Problem to solve —
Repeat exactly, and nothing more, the lines from the one that includes "2 yaşında içtiği" through the final line of the entries; skip the pictures.

Image-caption web data:
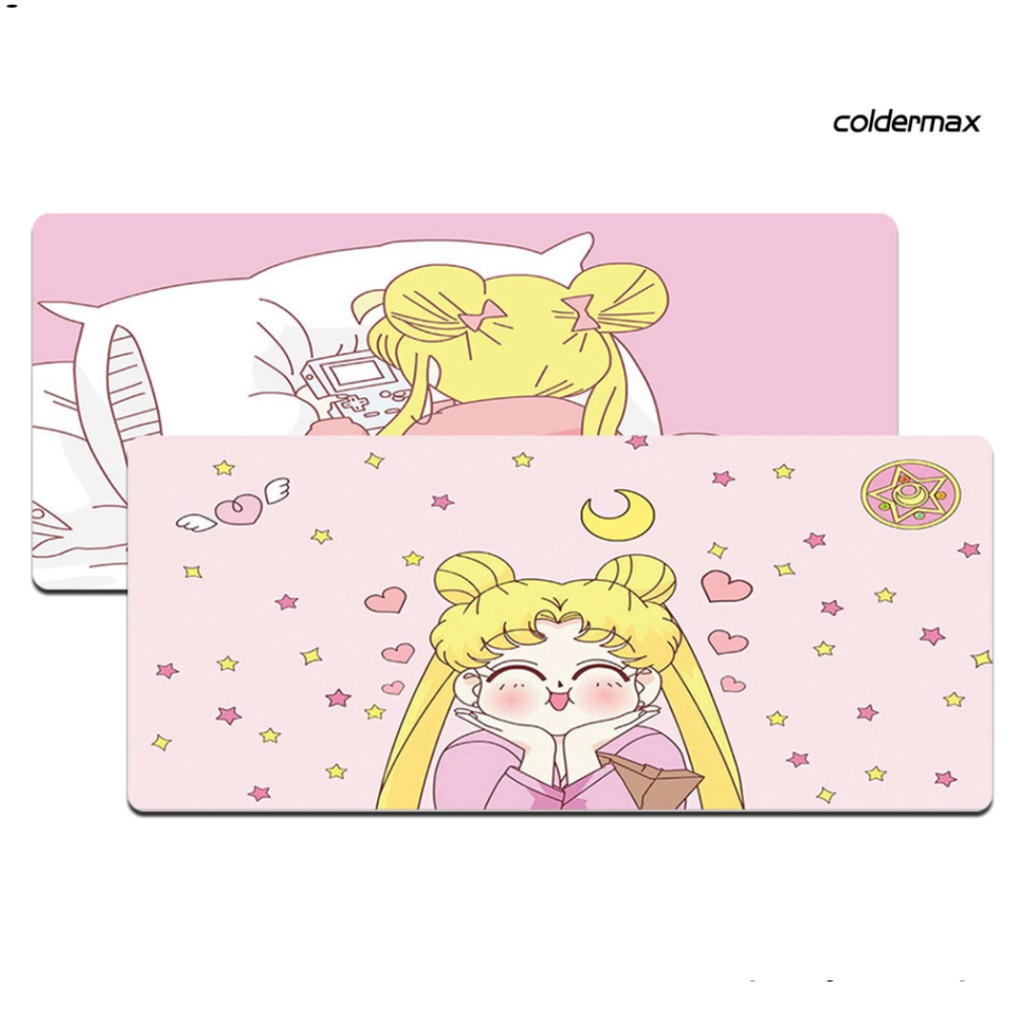 Tấm Lót Chuột Và Bàn Phím Hình Anime Thủ Lĩnh Thẻ Bài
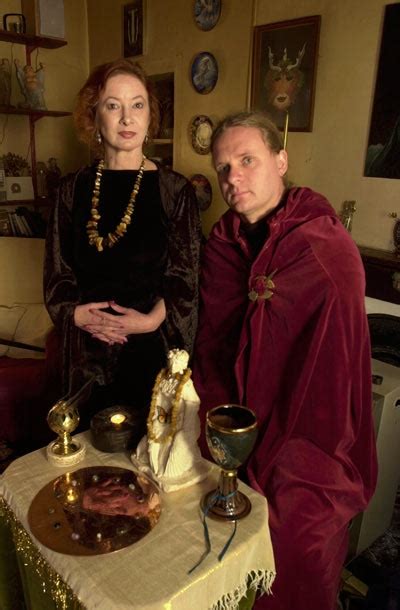 Love These Two Wiccan High Priestess Janet Farrar And High Priest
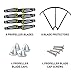 National Geographic Quadcopter Drone Crash Kit with 8 Propeller Blades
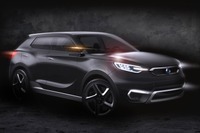 【ジュネーブモーターショー13】韓国サンヨン、SIV‐1初公開へ…中型高級クロスオーバー車の提案 画像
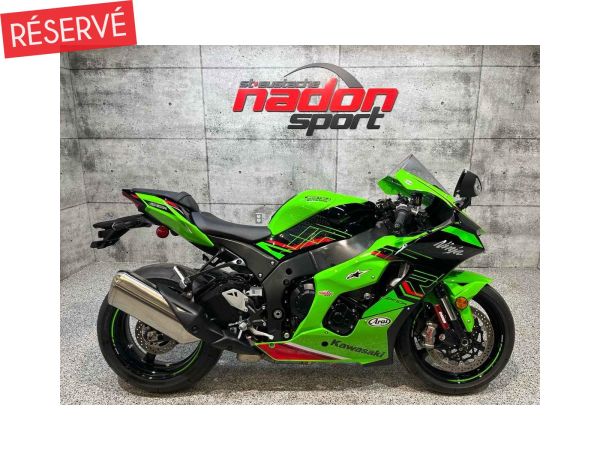 CS-24263 Occasion KAWASAKI ZX-10R KRT *2416KM* 2024 a vendre 1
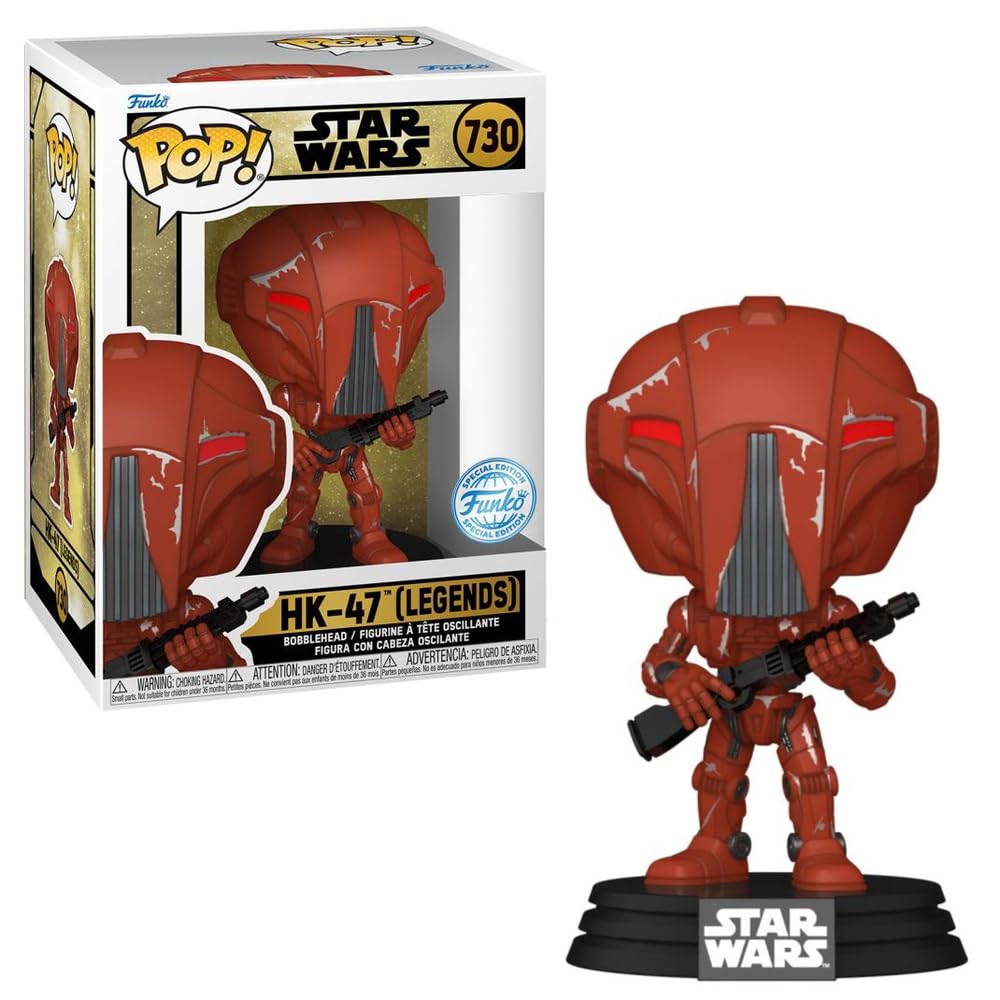 FunkoPop HK-47 (Legends) Special Edition 730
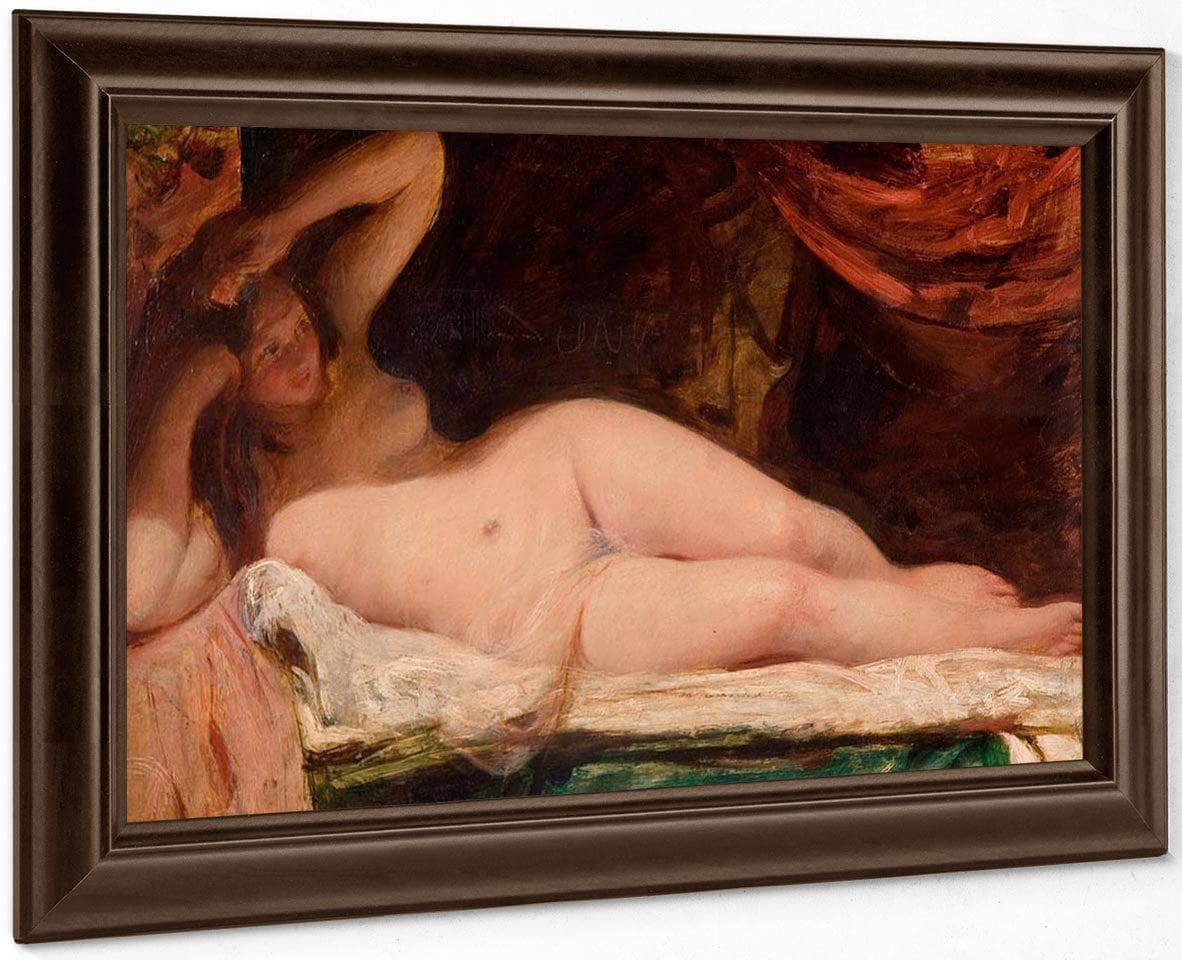 Reclining Nude 4 By William Etty - Image 6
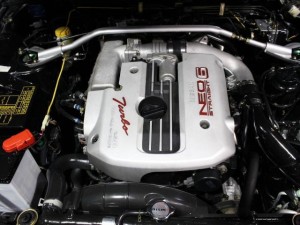 ER34スカイライン25GT-T　エンジン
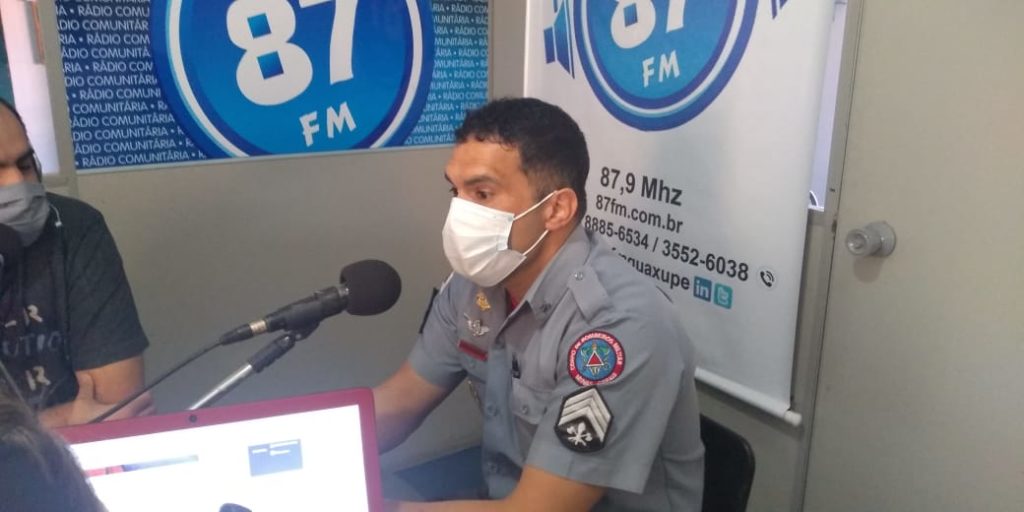Corpo De Bombeiros de Guaxupé divulga dados sobre queimadas na região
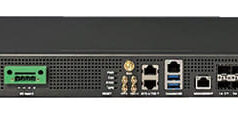 TCA 1166 Router/gateway 1U con procesador Intel Atom C3308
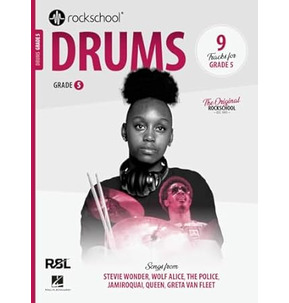 Rockschool: Drums Grade 5 2024+ (Book/Online Audio)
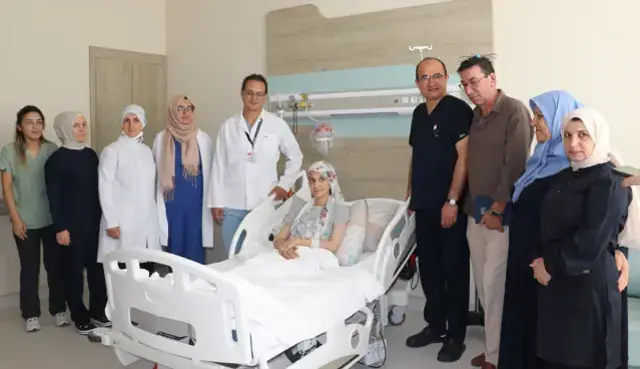 2 yaşında içtiği yağ çözücü hayatını kararttı! 70 defa ameliyat oldu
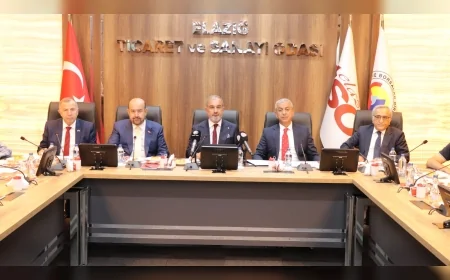 Elazığ TSO Başkanı İdris Alan: “Romanya ile ticari ilişkilerimizi daha da artırmak istiyoruz”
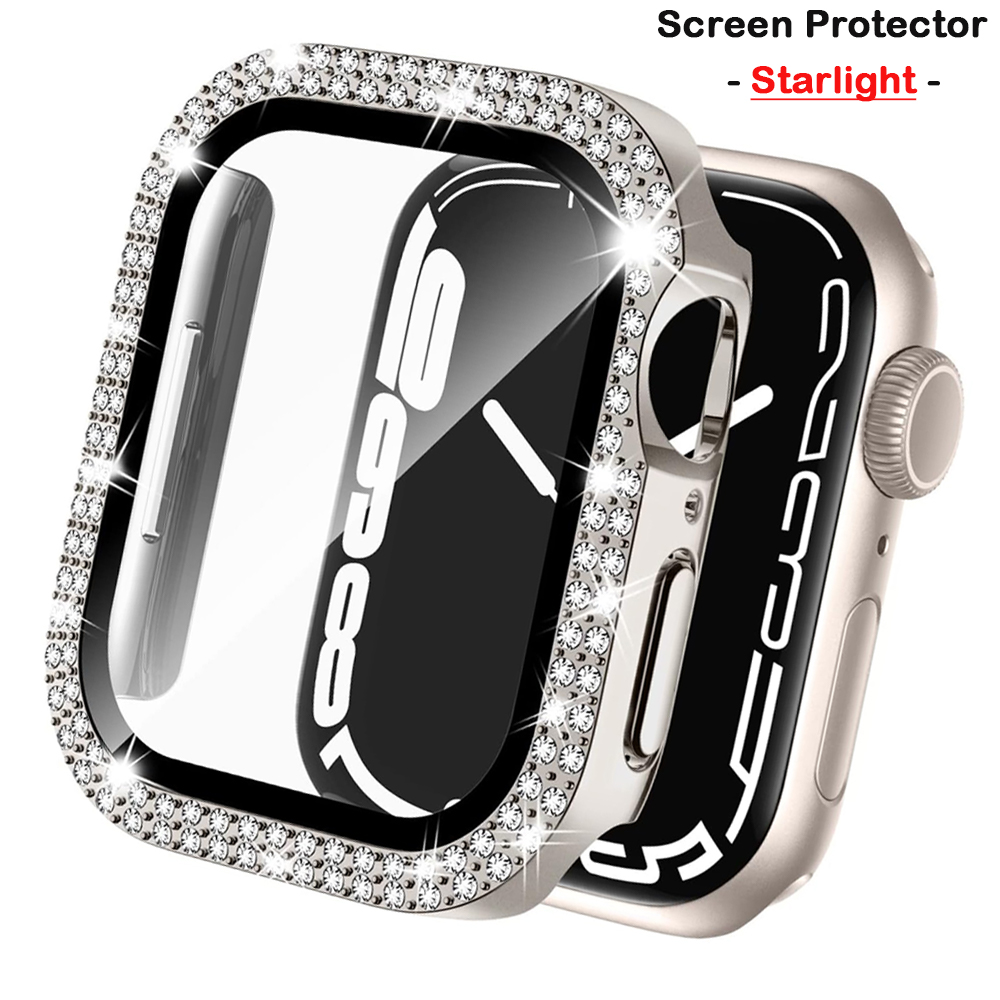 Smart Garden 9 - Capa de diamante para apple watch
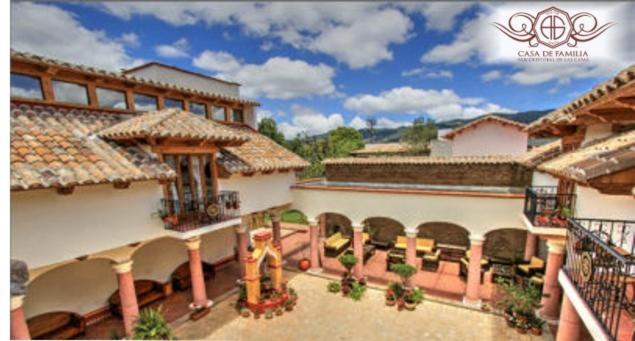 Hotel Casa De Familia De San Cristobal San Cristóbal de Las Casas Kültér fotó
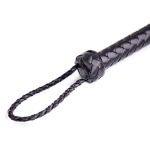OEM Suede CowHide Leather High Quality Male Leather Bondage Leather Floggers Adults Sex Bdsm Spanking Floggers STOCK - 图片 5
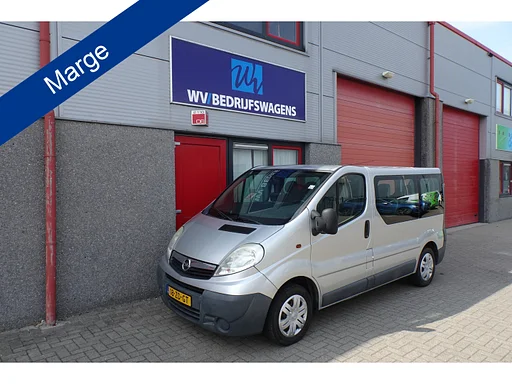 Opel Vivaro station wagon 2.0i L1H1 9 pers air conditioning BENZINE UITVOERING !!!!!!!!!!!! milieu zone vrij !!!!!!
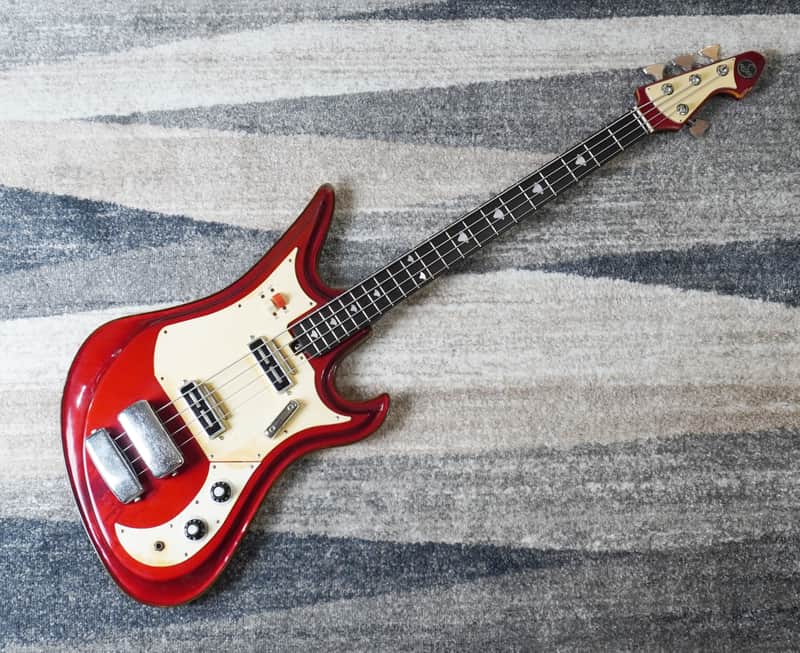 1965–1966 Teisco Spectrum Series EBX-200 Bass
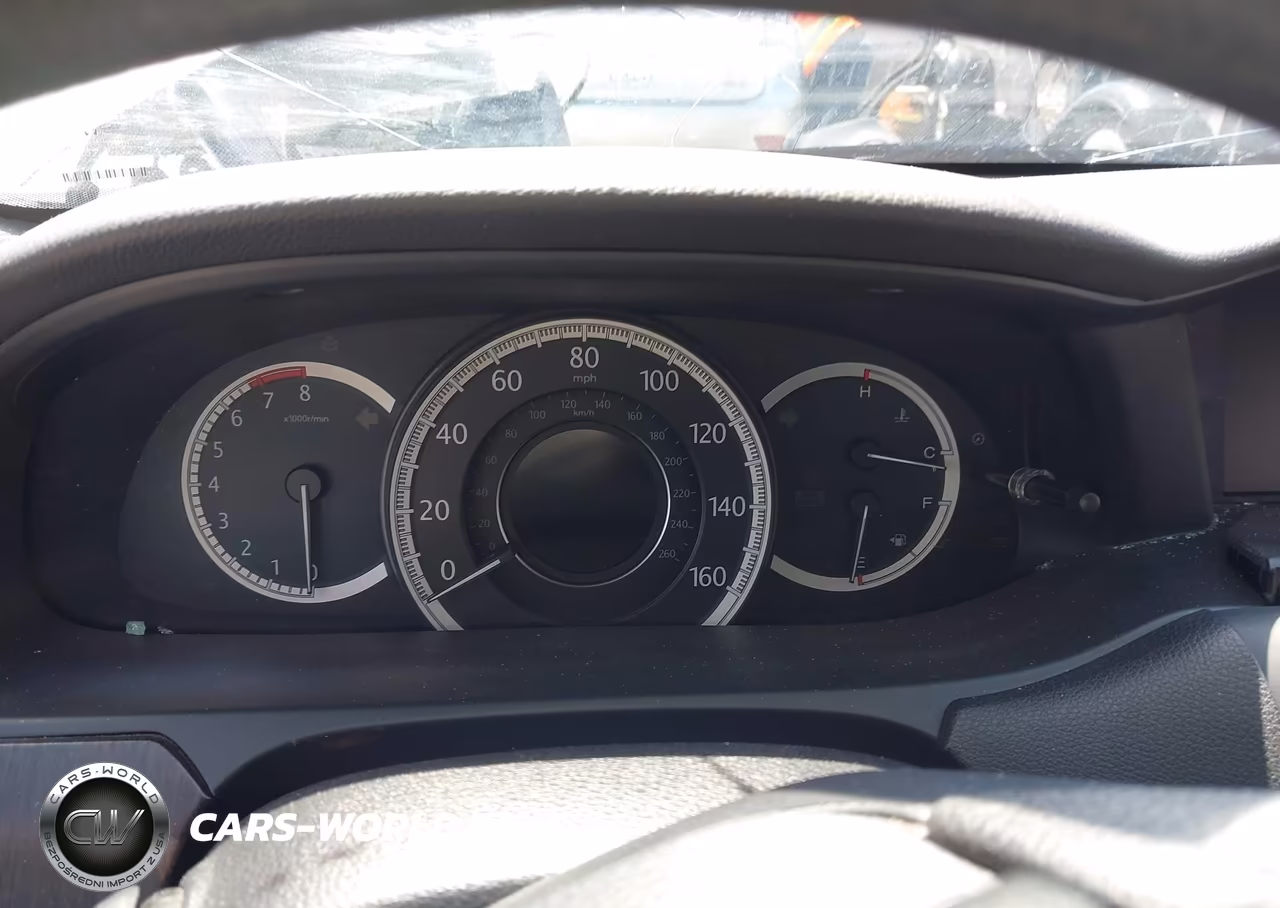 2014 Honda Accord Ex VIN:1HGCR2F76EA260165 - 7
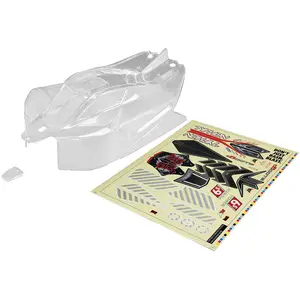 ARRMA Ar406106 Body Clear W/ Decals Typhon 6s Blx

Your solution —
 2 yaşında içtiği yağ çözücü hayatını kararttı! 70 defa ameliyat oldu
 Elazığ TSO Başkanı İdris Alan: “Romanya ile ticari ilişkilerimizi daha da artırmak istiyoruz”
 Smart Garden 9 - Capa de diamante para apple watch
 Hotel Casa De Familia De San Cristobal San Cristóbal de Las Casas Kültér fotó
OEM Suede CowHide Leather High Quality Male Leather Bondage Leather Floggers Adults Sex Bdsm Spanking Floggers STOCK - 图片 5
 Opel Vivaro station wagon 2.0i L1H1 9 pers air conditioning BENZINE UITVOERING !!!!!!!!!!!! milieu zone vrij !!!!!!
 1965–1966 Teisco Spectrum Series EBX-200 Bass
 2014 Honda Accord Ex VIN:1HGCR2F76EA260165 - 7
 ARRMA Ar406106 Body Clear W/ Decals Typhon 6s Blx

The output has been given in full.